Carry over every entry exactly as written, though not the pictures it contains.

*** Opening of Data ***

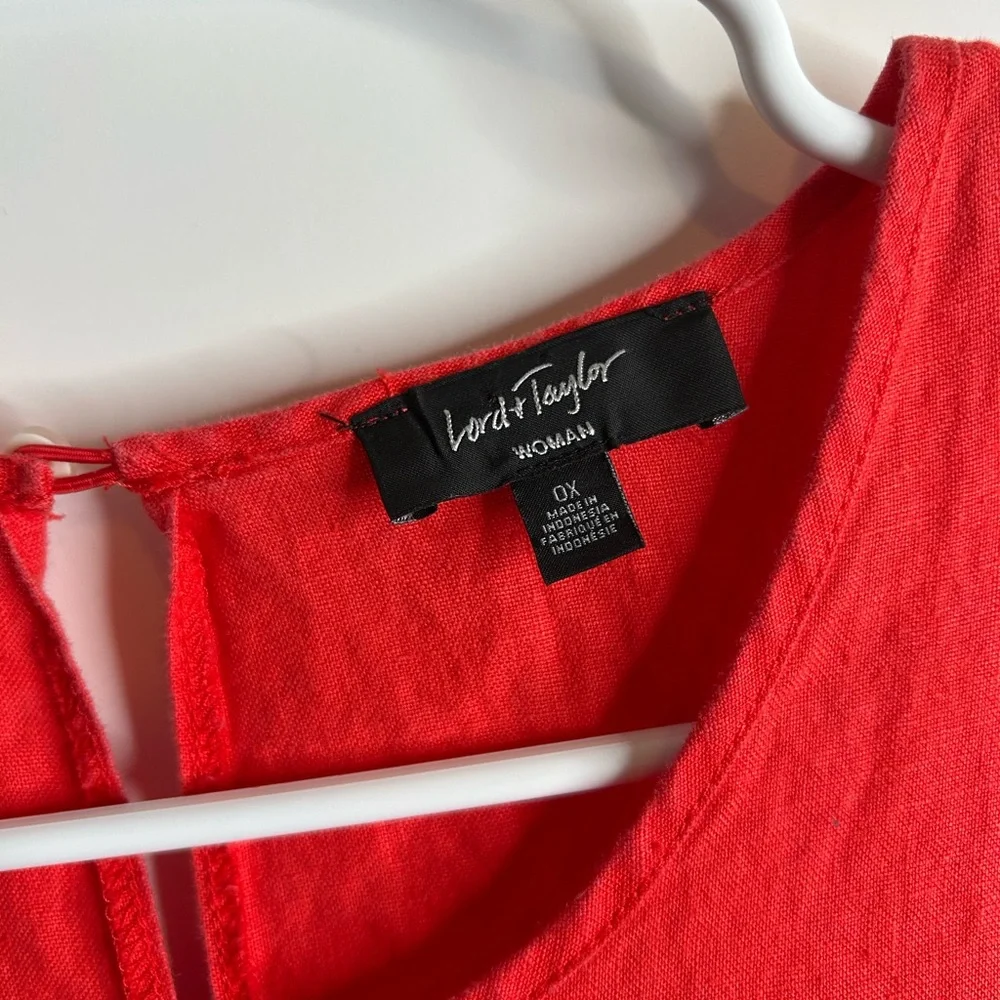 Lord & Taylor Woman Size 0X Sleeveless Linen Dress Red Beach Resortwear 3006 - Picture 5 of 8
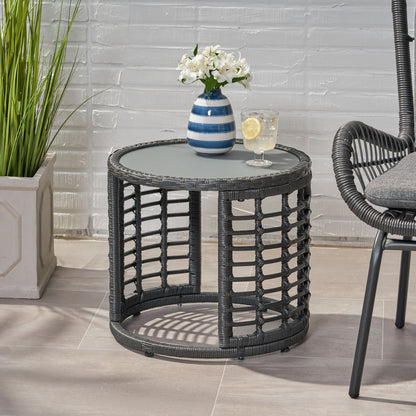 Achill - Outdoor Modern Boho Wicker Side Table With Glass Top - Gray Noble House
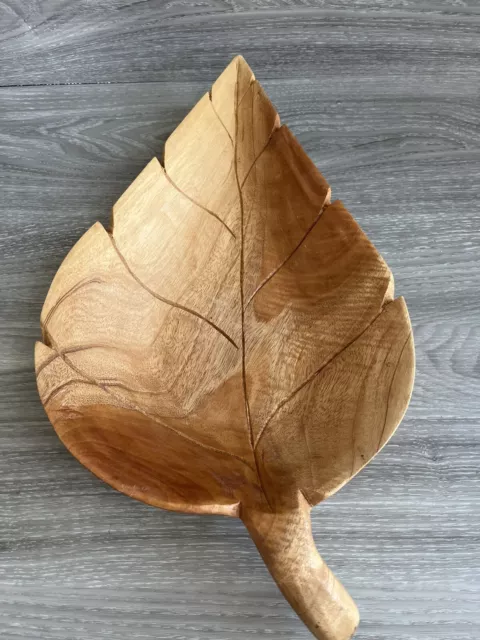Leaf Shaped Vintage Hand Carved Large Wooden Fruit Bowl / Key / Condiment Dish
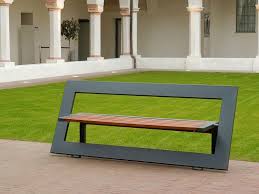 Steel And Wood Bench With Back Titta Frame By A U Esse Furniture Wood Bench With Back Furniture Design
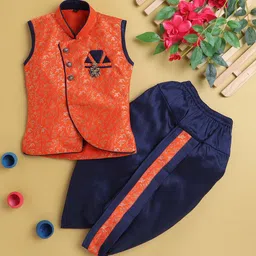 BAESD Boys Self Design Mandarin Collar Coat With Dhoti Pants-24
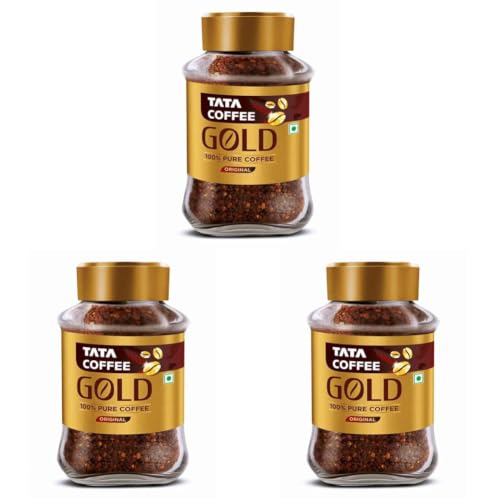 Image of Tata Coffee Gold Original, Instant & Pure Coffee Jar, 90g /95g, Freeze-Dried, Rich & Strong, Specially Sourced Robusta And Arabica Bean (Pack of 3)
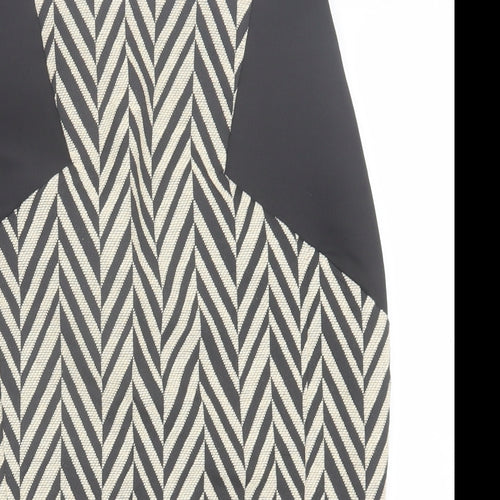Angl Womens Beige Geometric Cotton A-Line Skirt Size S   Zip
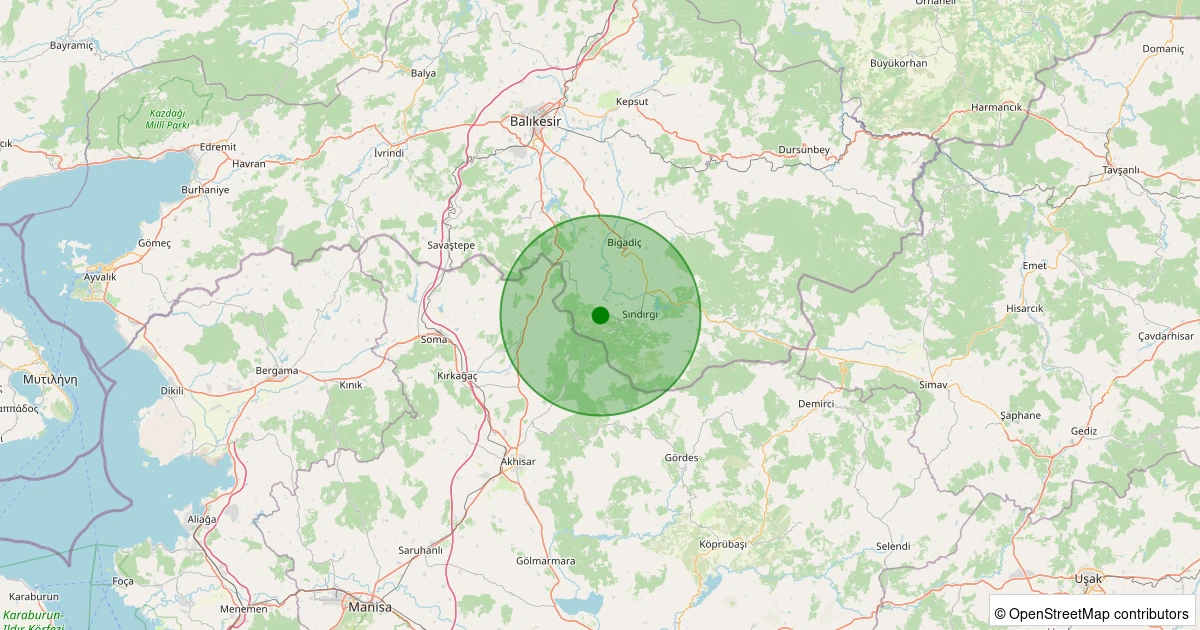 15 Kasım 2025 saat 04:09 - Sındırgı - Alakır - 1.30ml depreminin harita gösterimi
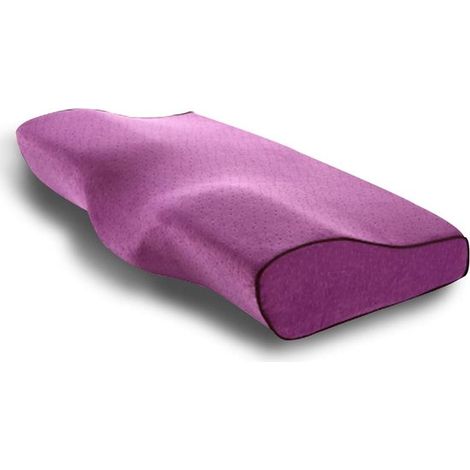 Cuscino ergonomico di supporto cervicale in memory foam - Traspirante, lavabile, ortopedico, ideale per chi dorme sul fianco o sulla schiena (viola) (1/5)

*** Close of Data ***

• Task result:
 Lord & Taylor Woman Size 0X Sleeveless Linen Dress Red Beach Resortwear 3006 - Picture 5 of 8
 Achill - Outdoor Modern Boho Wicker Side Table With Glass Top - Gray Noble House
Leaf Shaped Vintage Hand Carved Large Wooden Fruit Bowl / Key / Condiment Dish
 Steel And Wood Bench With Back Titta Frame By A U Esse Furniture Wood Bench With Back Furniture Design
 BAESD Boys Self Design Mandarin Collar Coat With Dhoti Pants-24
 Image of Tata Coffee Gold Original, Instant & Pure Coffee Jar, 90g /95g, Freeze-Dried, Rich & Strong, Specially Sourced Robusta And Arabica Bean (Pack of 3)
Angl Womens Beige Geometric Cotton A-Line Skirt Size S   Zip
 15 Kasım 2025 saat 04:09 - Sındırgı - Alakır - 1.30ml depreminin harita gösterimi
 Cuscino ergonomico di supporto cervicale in memory foam - Traspirante, lavabile, ortopedico, ideale per chi dorme sul fianco o sulla schiena (viola) (1/5)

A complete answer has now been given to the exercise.